An inspired decision to stage Jesus Christ Superstar in a summer theatre in Regent's Park. The action takes place outdoors, in balmy climes, so the atmosphere is ideal for Rice and Lloyd Webber's finest show. The songbook bursts with melodic inventiveness, and the score blithely rips apart the conventions of musical theatre and remakes them afresh. Lloyd Webber finds two contemporary registers and switches between them constantly: first the eerie, unhinged menace of late-1960s heavy rock, and secondly the sweet, escapist loveliness of 1970s pop. The transitions from blunt savagery to pure sugar sometimes occur with gunshot abruptness, on a single note.

Tim Rice's lyrical complexity and dramatic assurance are evident from the very first salvo delivered by a jealous but hard-headed Judas pleading with Jesus to restrain the dangerous adulation of his followers. The superb Tyrone Huntley (Judas) has the authentic howl of a rock star and his angry urchin's features are full of despairing recrimination. Great stuff from Caiaphas and the Pharisees, a chorus line of thugs in weird sci-fi costumes, who purr and sway through their numbers with dainty co-ordinated gestures. They're chic, funky, absurd and threatening all at once. Peter Caulfield as the camp gangster, Herod, is the highlight of the second act (but hats off to the authors for creating the best cameo in musical theatre). Elsewhere there are patches and holes. Anoushka Lucas (Mary) sings beautifully but her face conveys none of the agonised self-reproach offered by the lyrics. She looks bored. While she warbles passionlessly through 'I Don't Know How To Love Him' the 'Him' in question, Jesus, is moping cross-legged against a low wall fiddling with baccy and Rizlas. Yes, the Son of God smokes roll-ups. Surely an early miracle could have solved his cravings. Or, failing that, the Paraclete might have sent some nicotine patches clamped in the beak of a sacred dove.

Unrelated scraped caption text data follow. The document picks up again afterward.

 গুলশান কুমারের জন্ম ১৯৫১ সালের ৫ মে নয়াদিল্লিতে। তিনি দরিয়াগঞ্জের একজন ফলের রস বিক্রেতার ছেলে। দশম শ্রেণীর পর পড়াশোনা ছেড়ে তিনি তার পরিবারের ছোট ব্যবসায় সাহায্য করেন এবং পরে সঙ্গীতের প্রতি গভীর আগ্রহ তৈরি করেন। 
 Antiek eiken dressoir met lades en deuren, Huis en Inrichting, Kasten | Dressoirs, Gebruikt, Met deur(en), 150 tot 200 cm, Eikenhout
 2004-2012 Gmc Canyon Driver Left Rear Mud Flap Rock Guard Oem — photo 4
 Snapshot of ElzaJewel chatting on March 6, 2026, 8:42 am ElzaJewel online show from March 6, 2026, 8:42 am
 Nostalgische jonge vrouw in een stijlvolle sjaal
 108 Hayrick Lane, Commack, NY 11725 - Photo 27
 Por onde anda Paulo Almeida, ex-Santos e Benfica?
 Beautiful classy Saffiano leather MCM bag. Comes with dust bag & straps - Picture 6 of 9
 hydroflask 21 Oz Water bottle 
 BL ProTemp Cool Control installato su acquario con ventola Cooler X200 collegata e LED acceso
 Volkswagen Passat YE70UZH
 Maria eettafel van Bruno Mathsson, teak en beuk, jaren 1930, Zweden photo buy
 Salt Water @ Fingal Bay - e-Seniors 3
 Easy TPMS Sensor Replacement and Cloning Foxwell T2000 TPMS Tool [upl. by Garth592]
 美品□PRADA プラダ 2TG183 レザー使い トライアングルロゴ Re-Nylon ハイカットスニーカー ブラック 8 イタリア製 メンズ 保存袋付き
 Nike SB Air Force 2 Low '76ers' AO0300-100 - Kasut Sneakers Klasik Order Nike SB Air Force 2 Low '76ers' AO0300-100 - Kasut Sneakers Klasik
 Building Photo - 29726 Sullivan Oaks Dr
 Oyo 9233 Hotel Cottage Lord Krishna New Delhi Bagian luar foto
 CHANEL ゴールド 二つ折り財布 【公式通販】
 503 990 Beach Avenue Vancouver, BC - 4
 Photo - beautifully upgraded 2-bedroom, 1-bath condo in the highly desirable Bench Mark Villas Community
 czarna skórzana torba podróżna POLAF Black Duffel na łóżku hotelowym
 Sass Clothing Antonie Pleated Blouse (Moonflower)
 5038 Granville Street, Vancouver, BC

The part is played by Declan Bennett, a fallen boyband star, whose facial lineaments lack the psychological qualities of Jesus. He doesn't look noble, grave, wise, saintly, or even kind. Just a bit sulky. A plain white robe would help create a messianic aura (ask any priest) but he's togged out in the same undistinguished Glastonbury flannels as his disciples. The grey strands in his beard need to be dealt with and his shaved Shoreditch hairdo owes far too much to the stormtrooper look of Ernst Röhm's Brownshirts. …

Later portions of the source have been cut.